» **Work instructions**:
Below are some records. Set down exactly the line holding "Let's talk about" and every later line through the end, omitting the pictures.

» **Recorded data**:

'''

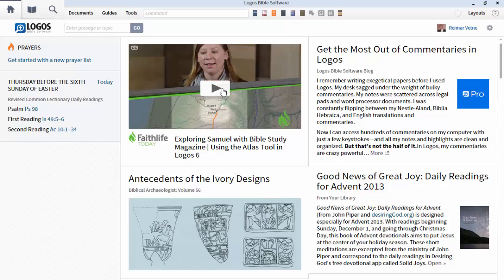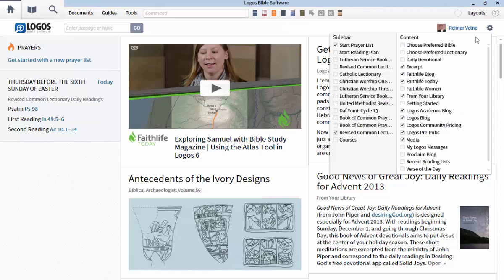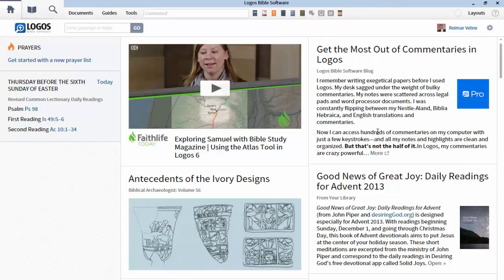Here are some quick tips. The front page of your Logos software can be customized, so you can have whatever news you want on the front page. Just click on the customize icon at the top right-hand corner. If you choose to include the Logos Bible software blog or the Faithlife blog, you can choose what you want here. Logos has started to make a lot more video tutorials lately, so make sure those are showing up on your home page.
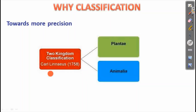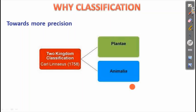This classification is called two kingdom classification. The classification done by Carolus Linnaeus is known as two kingdom classification, which includes two kingdoms: Plantae and Animalia. In Linnaeus's classification, plants and animals are classified as two kingdoms.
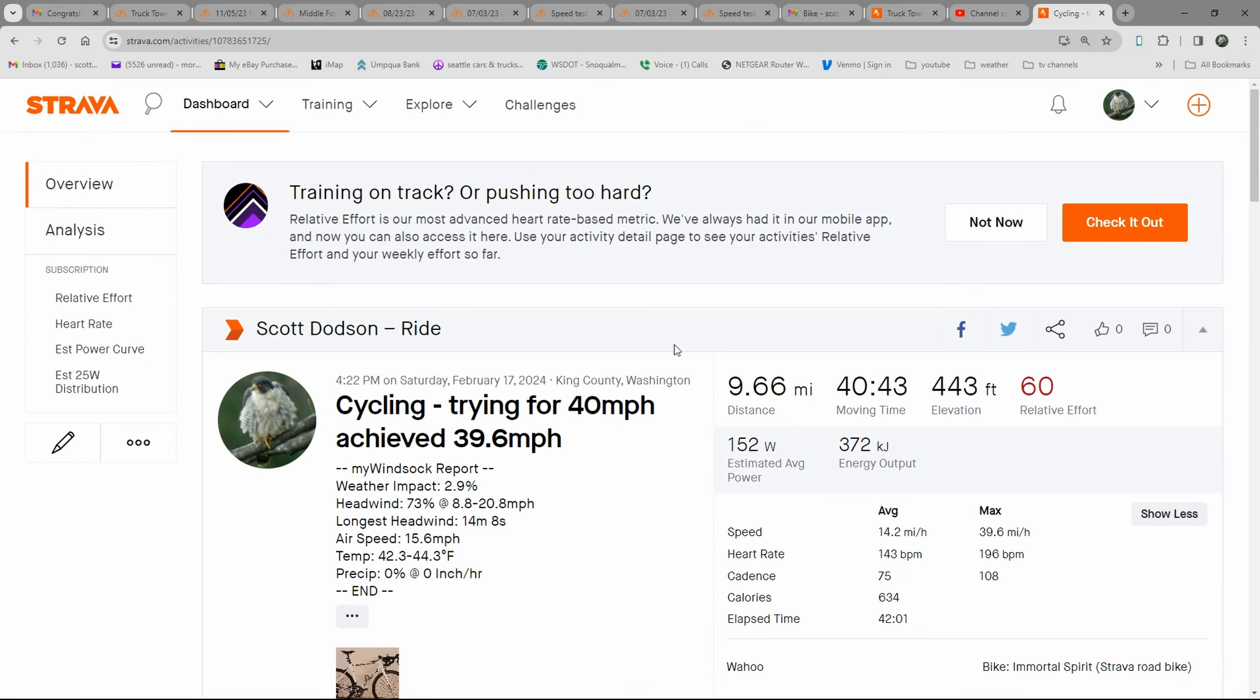Practicing sprints, did pretty good. Had favorable tailwind, so I thought it'd be a good time to go out there and see if I can hit 40 miles an hour. Thanks for stopping in and checking out what's going on. I'll see you guys at the next video. Bye.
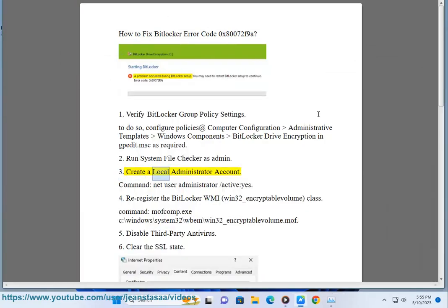Fix 3: Create a Local Administrator Account. Command: net user Administrator /active:yes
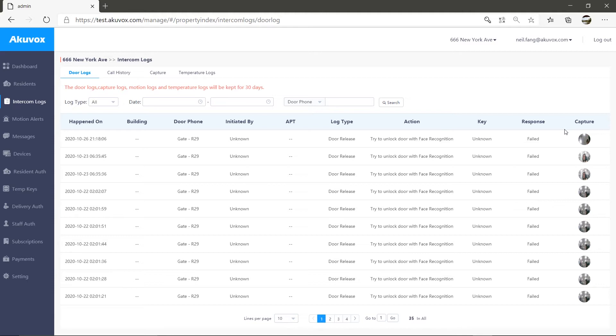A community's door logs can be numerous, so sometimes you'll have a hard time finding the log that needs to be checked. You can use the search feature here to target the exact log you're looking for.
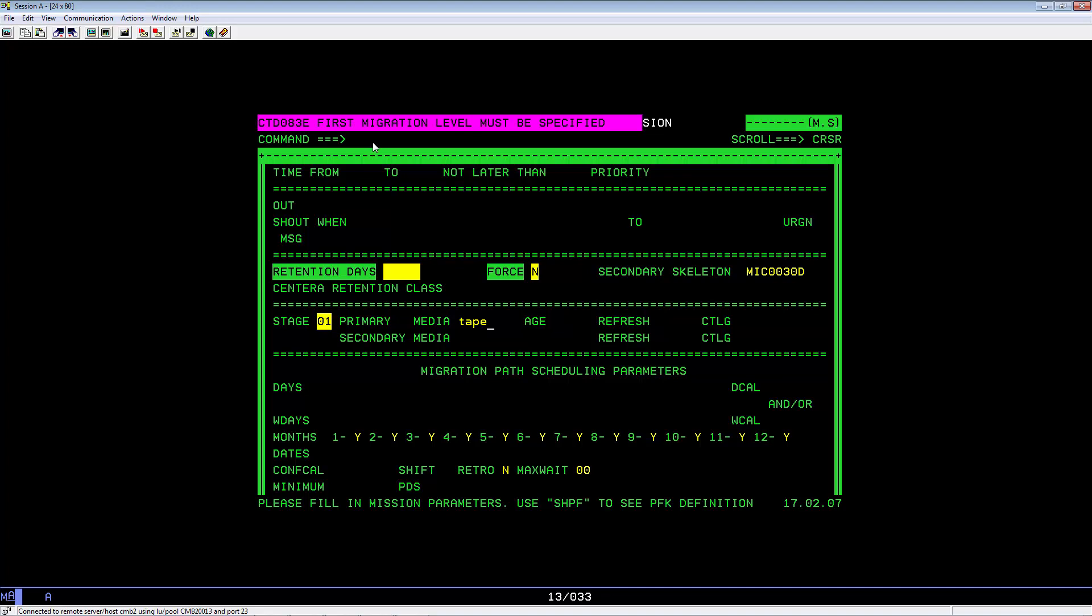Hit Enter. You will see message CTD078E. Media name is not found in IOAS farm member. Let's key in Disc. Hit Enter.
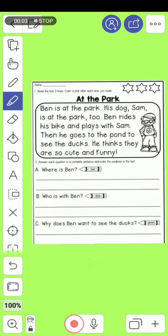Good day, dear students. I'm Miss Mariam. This video is a supplementary or an extension to a previous video for a text that we've solved already. Of course you remember this text. What I'm going to say in this video is the following.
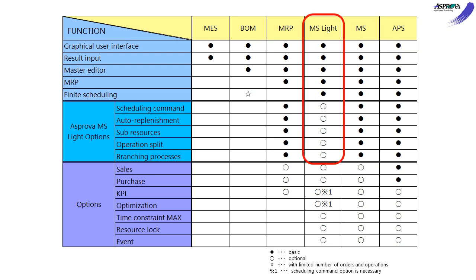MS Lite is a module based on the MS module which splits several features as the options for customers who aim for implementation in a short time. There are five options for MS Lite. It will become the same with MS if you add all of the options.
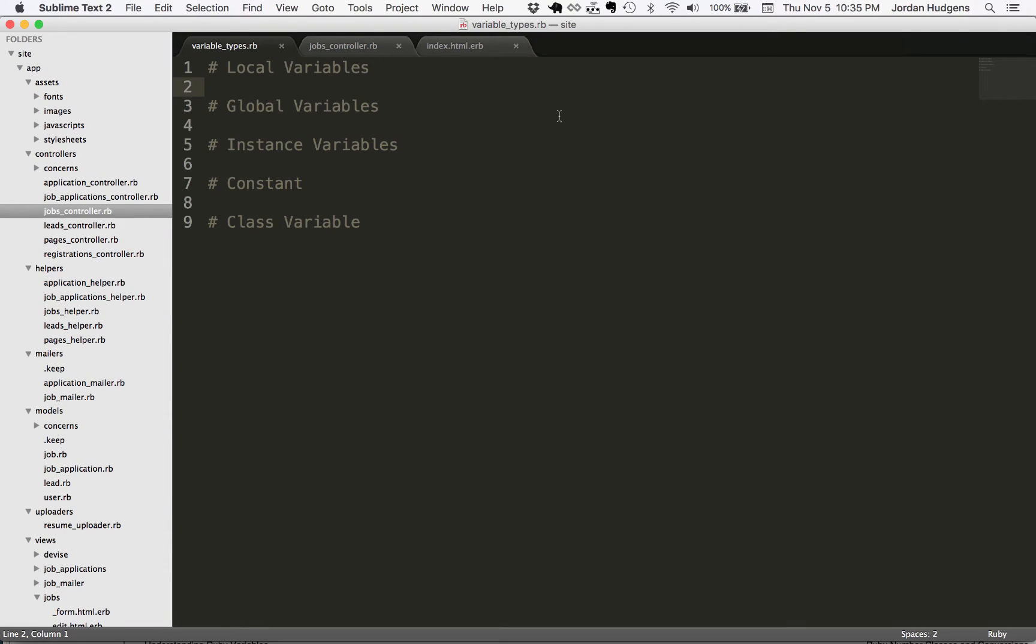In this episode we're going to talk about the five different types of variables in Ruby and show what some of the differences are and when to use them, when not to use them.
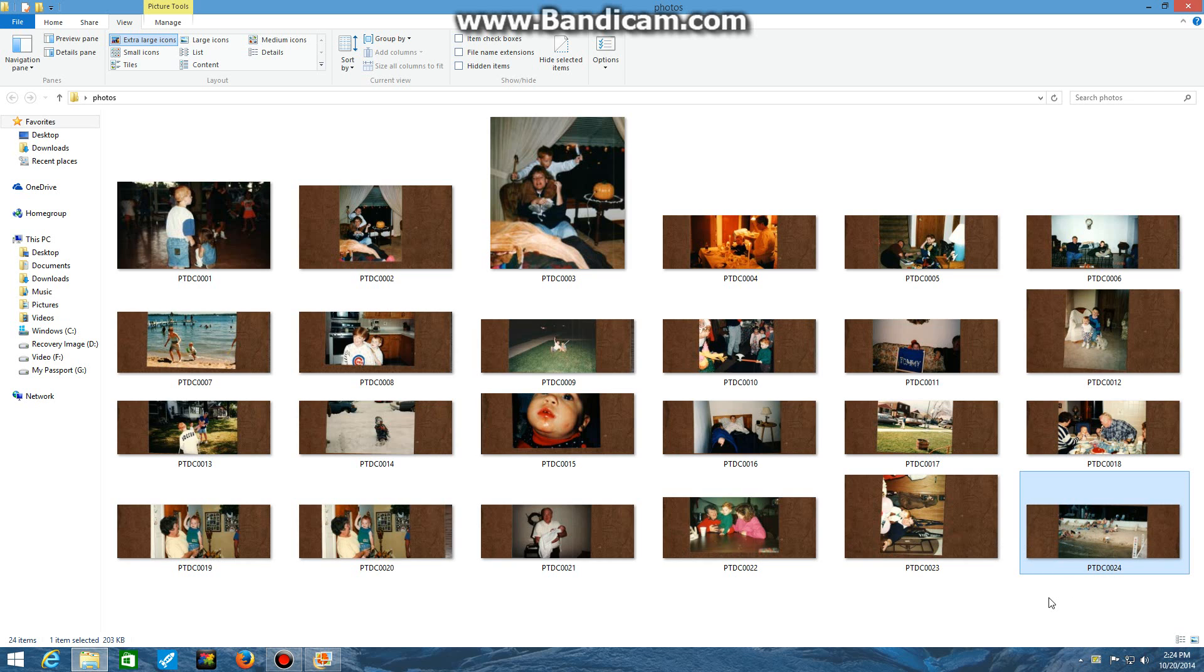Hey everyone, Jason here. We're back with another video tutorial. Today I'm going to show you how to crop and edit photographs in Windows 8 using Windows Live Photo Gallery.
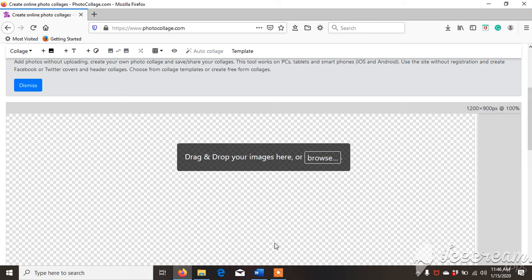Hello friends, today we are going to discuss how to create an online photo collage for presentation of Emrathi figures. First, we will have to go to photocollage.com. When you open this, you will get it like this.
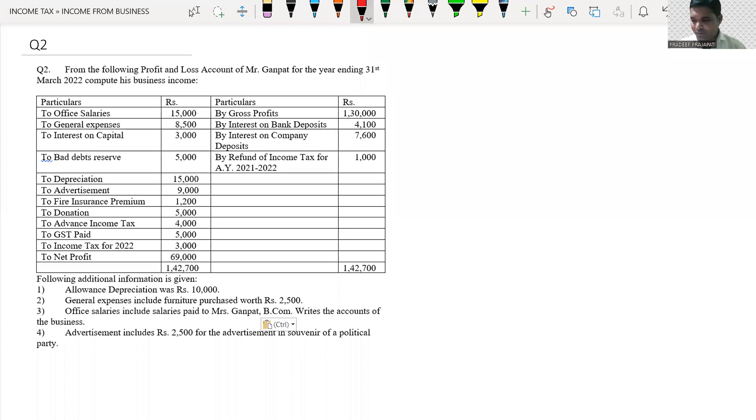Hello, good morning. Today we practice how to compute income from business. So let me share my screen. Let's see what is given in the question — from the following, profit and loss account of Mr. Ganpat for the year ending 31st March 2022, compute his business income.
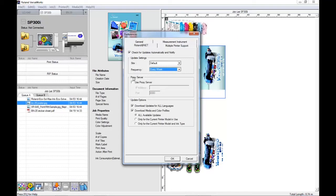If you use a proxy server within your workplace, you can set the proxy server settings here. If you are unsure, please check with your IT team.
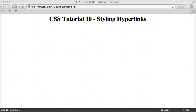Hey everyone, Jamie here from TechnicalCafe.com. Welcome to your 10th CSS tutorial. In this tutorial we're going to talk about how to style hyperlinks using CSS. This is actually a topic we discussed in HTML tutorial 8, if you watched the HTML tutorials.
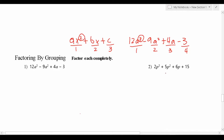Let's talk about factoring by grouping. The easiest way to learn it is realizing that you can break this equation in half by imagining there's a line here. Then what you want to do is pull out a greatest common factor from this first pair of terms, and then a greatest common factor from the second pair of terms, and then combine those to factor this fully.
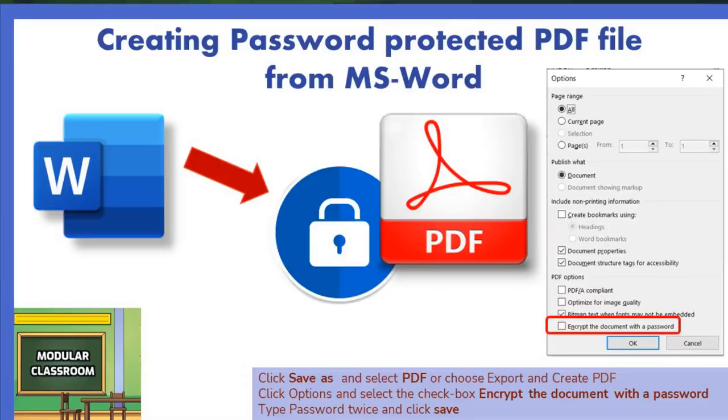In the classroom today, in this video we will see how to create a password-protected PDF file from Word. In Office 2016 onwards, we can easily convert files into PDF from MS Word and we can also protect that particular file with a password.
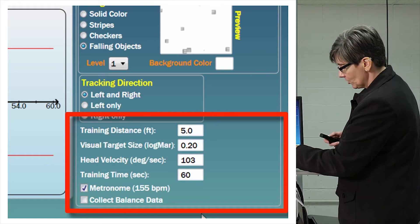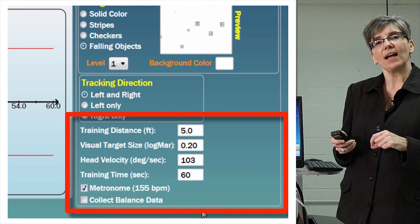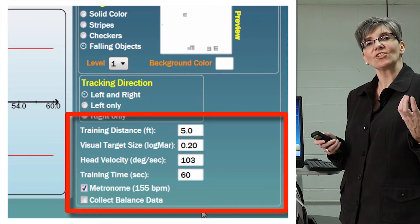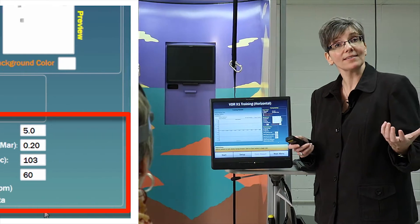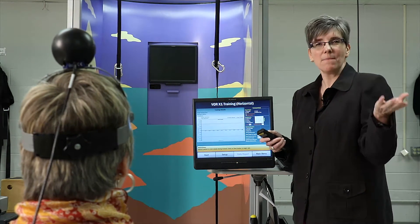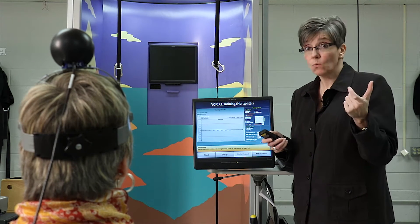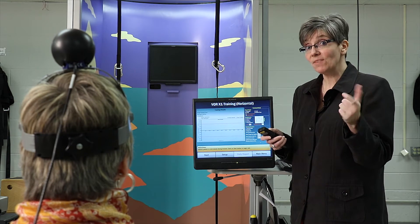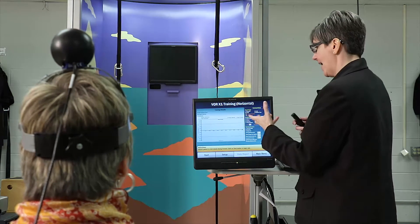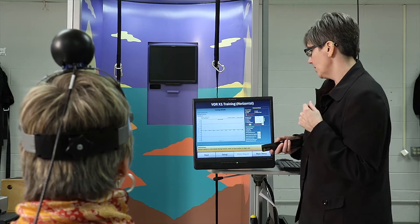If we use a metronome, it's going to be set at 155 beats per minute. That calculation is done for us because metronome beats per minute and degrees per second don't have a one-to-one relationship — there's a calculation involved, and in this software that calculation is done for you automatically.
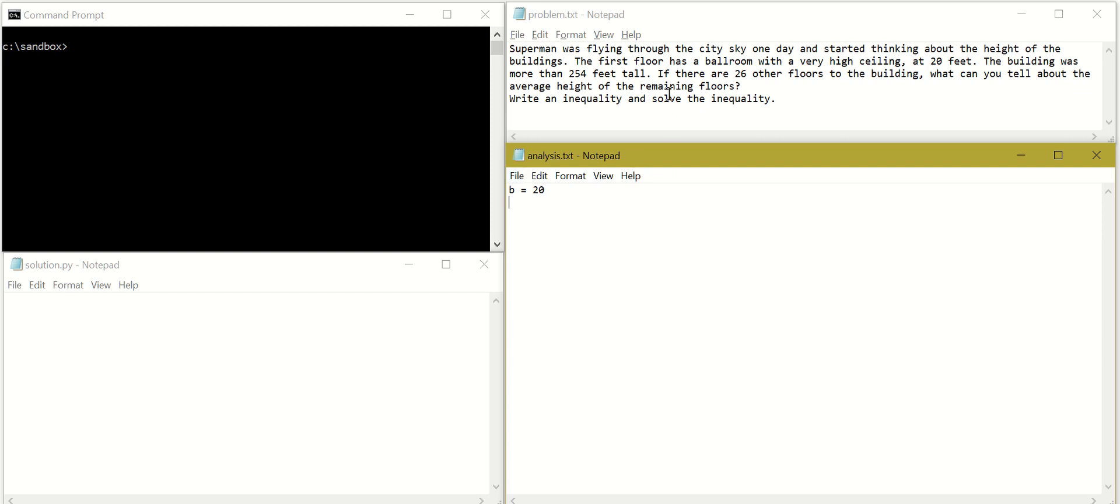The building was more than 250 feet tall. So let's write it down, T is tall, is equal to 254. And then there are another 26 floors to the building.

'''

» **Written solution**:
Let's talk about factoring by grouping. The easiest way to learn it is realizing that you can break this equation in half by imagining there's a line here. Then what you want to do is pull out a greatest common factor from this first pair of terms, and then a greatest common factor from the second pair of terms, and then combine those to factor this fully.
In the classroom today, in this video we will see how to create a password-protected PDF file from Word. In Office 2016 onwards, we can easily convert files into PDF from MS Word and we can also protect that particular file with a password.
If we use a metronome, it's going to be set at 155 beats per minute. That calculation is done for us because metronome beats per minute and degrees per second don't have a one-to-one relationship — there's a calculation involved, and in this software that calculation is done for you automatically.
The building was more than 250 feet tall. So let's write it down, T is tall, is equal to 254. And then there are another 26 floors to the building.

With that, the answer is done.